• [Task directions]: Reproduce the entries below exactly, but only from the line containing "Cute Budgie budgies" to the line containing "Mâini adolescente cu", inclusive.

• [Provided data]:
=== Begin Enclosure ===

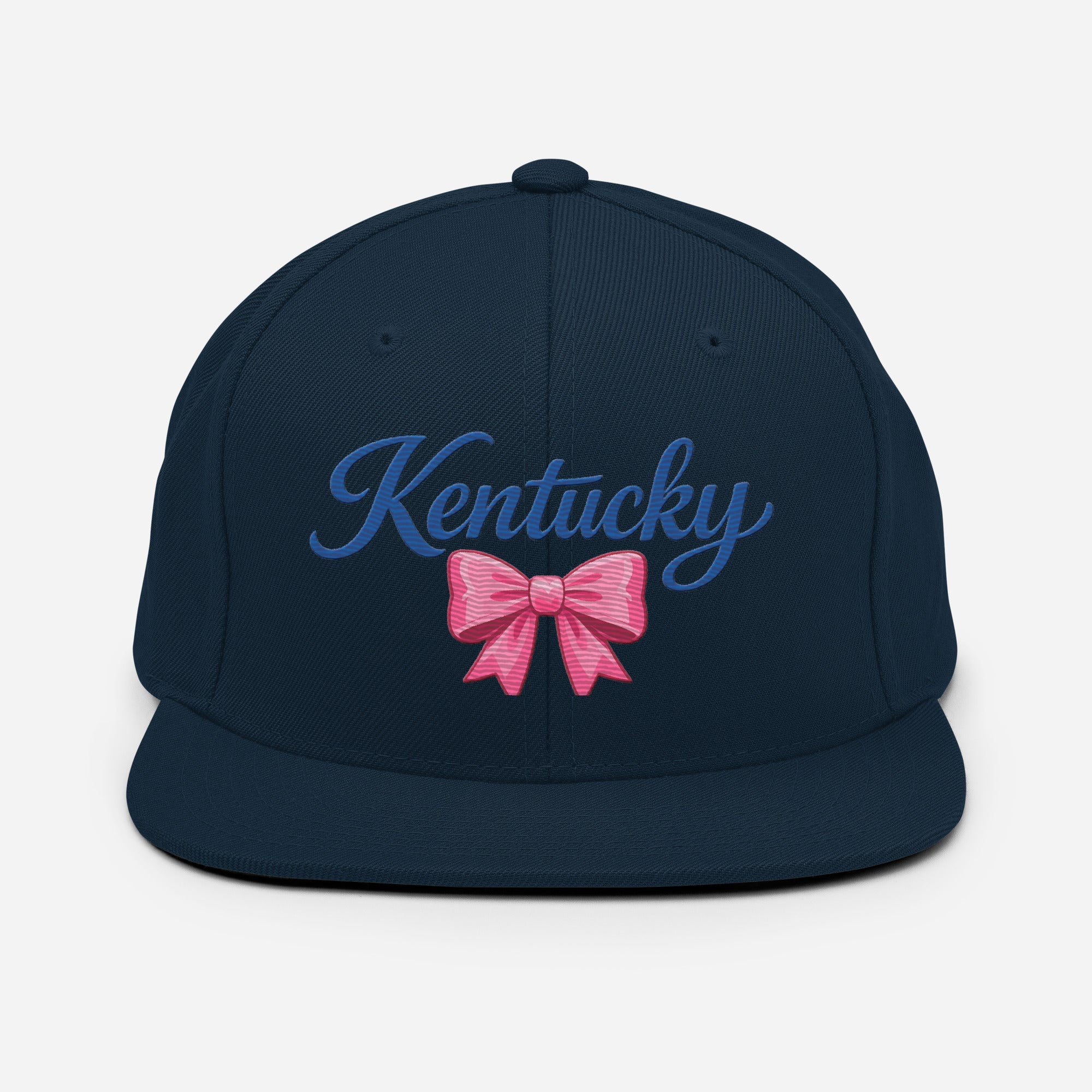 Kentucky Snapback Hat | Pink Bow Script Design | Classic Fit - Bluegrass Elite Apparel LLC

=== End Enclosure ===
=== Begin Enclosure ===

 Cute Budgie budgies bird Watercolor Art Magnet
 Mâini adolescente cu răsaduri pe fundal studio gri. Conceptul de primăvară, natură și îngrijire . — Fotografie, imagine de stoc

=== End Enclosure ===
=== Begin Enclosure ===

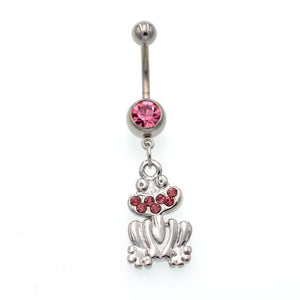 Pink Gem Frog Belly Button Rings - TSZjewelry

=== End Enclosure ===

• [Solution to this exercise]:
 Cute Budgie budgies bird Watercolor Art Magnet
 Mâini adolescente cu răsaduri pe fundal studio gri. Conceptul de primăvară, natură și îngrijire . — Fotografie, imagine de stoc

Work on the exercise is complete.